For Picnic at Hanging Rock to work, the viewer must be drawn into the movie and experience it as one of the girls. Observing from arm's length is a route to boredom and frustration. Every choice Weir makes as a director is designed to envelop (although whether he succeeds or not is up to the individual). The cinematography is lush yet dream-like. The musical score is dissonant, hinting at something unsettling. And Hanging Rock is photographed like a living, supernatural thing. It is a character in the movie - an ominous one whose secrets remain its own.

The acting is effective, although there aren't any standout portrayals. The best known of the actors is Rachel Roberts, the veteran British thespian, who plays Mrs. Appleyard as the kind of buttoned-down, sexually ambiguous woman we would expect as a headmistress of a school of this sort in this time period. The actresses playing the three lost girls - Anne Lambert, Karen Robson, Jane Vallis - are credible. For many who appear in the movie, this is their only screen credit (or one of a small number of appearances), yet there are none of the forced, awkward performances one often associates with amateur acting.

Picnic at Hanging Rock is the film that put Peter Weir on the international map - sort of. His third feature, it was the first to get significant distribution beyond Australia's shores. However, it didn't make its way to the United States until after The Last Wave achieved a degree of notice in 1977. Weir would go on to make Gallipoli and The Year of Living Dangerously before taking his cameras to America and filming Witness. The version of Picnic at Hanging Rock currently available on DVD is the director's cut. Weir removed eight minutes of footage from the theatrical release and inserted a couple of quick shots.
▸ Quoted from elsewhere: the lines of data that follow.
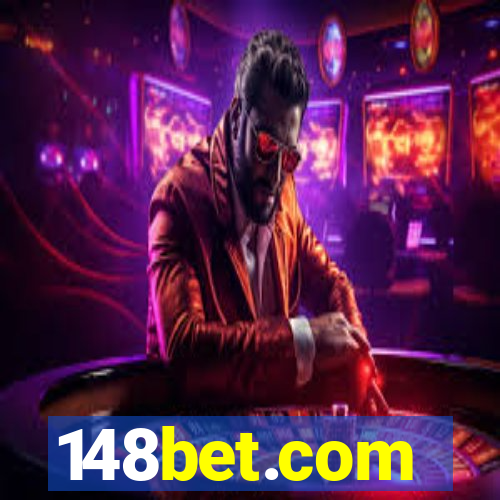 148bet.com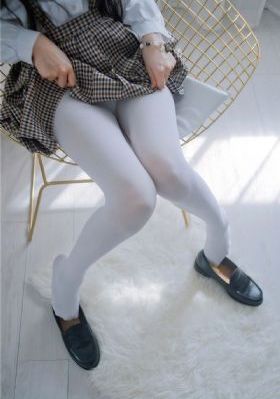 绣春刀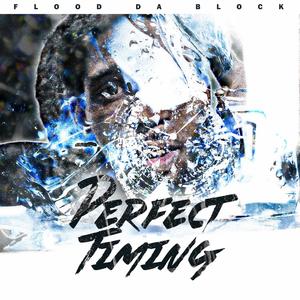 Perfect Timing (Explicit)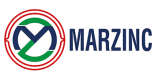 Marzinc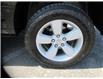 2023 RAM 1500 Classic SLT (Stk: DRP6180) in Peterborough - Image 22 of 22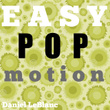Easy Pop Motion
Picnic at Hanging Rock has its share of detractors, and I can understand their point-of-view. This is an art film, and one that depends strongly on mood. (L'Avventura, the Michelangelo Antonioni film that also features an unsolved disappearance, falls into the same category, and is occasionally compared to Picnic at Hanging Rock.) You either fall under its spell or you don't. Narratively, it's not strong, although it's unfair to claim that "nothing happens." Quite a bit happens, but little is resolved. Life is often like that. Many who fall under Picnic at Hanging Rock's hypnosis will leave the film unsettled but gratified at having seen it.